It may not happen immediately, but the Pension Benefit Guaranty Corp. may well be handed responsibility for paying Hostess Brand obligations to its 5,600 bakers. The PBGC insurance fund – akin to the Federal Deposit Insurance Corp. – last month reported a $34 billion deficit. Does this sound familiar?

The bakers took the blame for killing the company when members went on strike last month.

The charge ignores the fact Hostess owed the confectionery workers union pension fund $1 billion when it filed bankruptcy in January of this year, and that the company continued to skip payments. Monday, the Wall Street Journal revealed that money that should have been dedicated to pensions was instead used for operations.

Like executive pay. The top 10 executives were awarded $3 million in raises this year.

The new chief executive officer said he was unaware employee wages ticketed for pension contributions were used for other purposes, a practice he called “terrible.”

That’s one way of putting it, but where does the taxpayer come in?

Hostess – a predecessor operated a Spokane bakery featured in Monday’s Spokesman-Review – had an incredibly fractured pension system.

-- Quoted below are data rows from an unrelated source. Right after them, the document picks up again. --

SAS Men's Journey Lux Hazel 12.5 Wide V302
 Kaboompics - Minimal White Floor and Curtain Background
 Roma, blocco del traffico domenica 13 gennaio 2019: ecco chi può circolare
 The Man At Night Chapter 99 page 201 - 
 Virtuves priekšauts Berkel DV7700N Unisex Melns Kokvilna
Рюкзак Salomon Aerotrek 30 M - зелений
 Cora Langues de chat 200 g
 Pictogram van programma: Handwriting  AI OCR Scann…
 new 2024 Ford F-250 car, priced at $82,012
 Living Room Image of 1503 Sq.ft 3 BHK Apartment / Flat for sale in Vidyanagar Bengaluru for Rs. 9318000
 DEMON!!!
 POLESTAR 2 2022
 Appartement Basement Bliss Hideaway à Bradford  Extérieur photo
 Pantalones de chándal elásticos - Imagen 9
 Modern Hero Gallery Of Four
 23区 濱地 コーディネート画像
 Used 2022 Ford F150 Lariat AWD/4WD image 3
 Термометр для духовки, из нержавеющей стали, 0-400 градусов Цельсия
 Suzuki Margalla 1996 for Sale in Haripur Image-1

Employees at each plant decided for themselves what their group would have taken out of their paychecks toward their pensions. But they do not receive their pensions from the company. The money went into a multi-employer pension plan, which pools the pensions of workers in several companies.

Such plans are supposed to make pensions available to workers at small companies, and to spread risk if any one company in the pool failed. But if a significant participating company fails, the premiums paid by the other companies must increase to fill the gap. The plan covering the confectionery workers was already only 72 percent funded, barely adequate by some measures.

With Hostess out, other companies with workers in the plan are going to be under considerable stress, with the PBGC as backstop if the assets to pay retirees become inadequate.

More than 2,000 Hostess employees covered by the company’s own pension plan will definitely draw their benefits from PBGC.

Thousands of Kaiser Aluminum workers in the Spokane area are familiar with the drill because they have been getting pension checks from the PBGC for several years. Kaiser filed bankruptcy in 2002, and the federal agency agreed to pick up the pension obligations in 2003 and 2004.

Kaiser’s owner just walked away, but the hedge funds with Hostess could try to reclaim parts of the company – namely its valuable snack brands – after the PBGC has taken the pension burden away.

Some hedge funds have dumped pension obligations on the PBGC, yet retained ownership of companies like Delphi, the auto parts supplier. If the agency does come to need a bailout, barriers to the practice must become much higher.

A pension expert quoted in the Wall Street Journal called the use of employee pension contributions for other purposes “betrayal without remedy.”

Congress should find a cure.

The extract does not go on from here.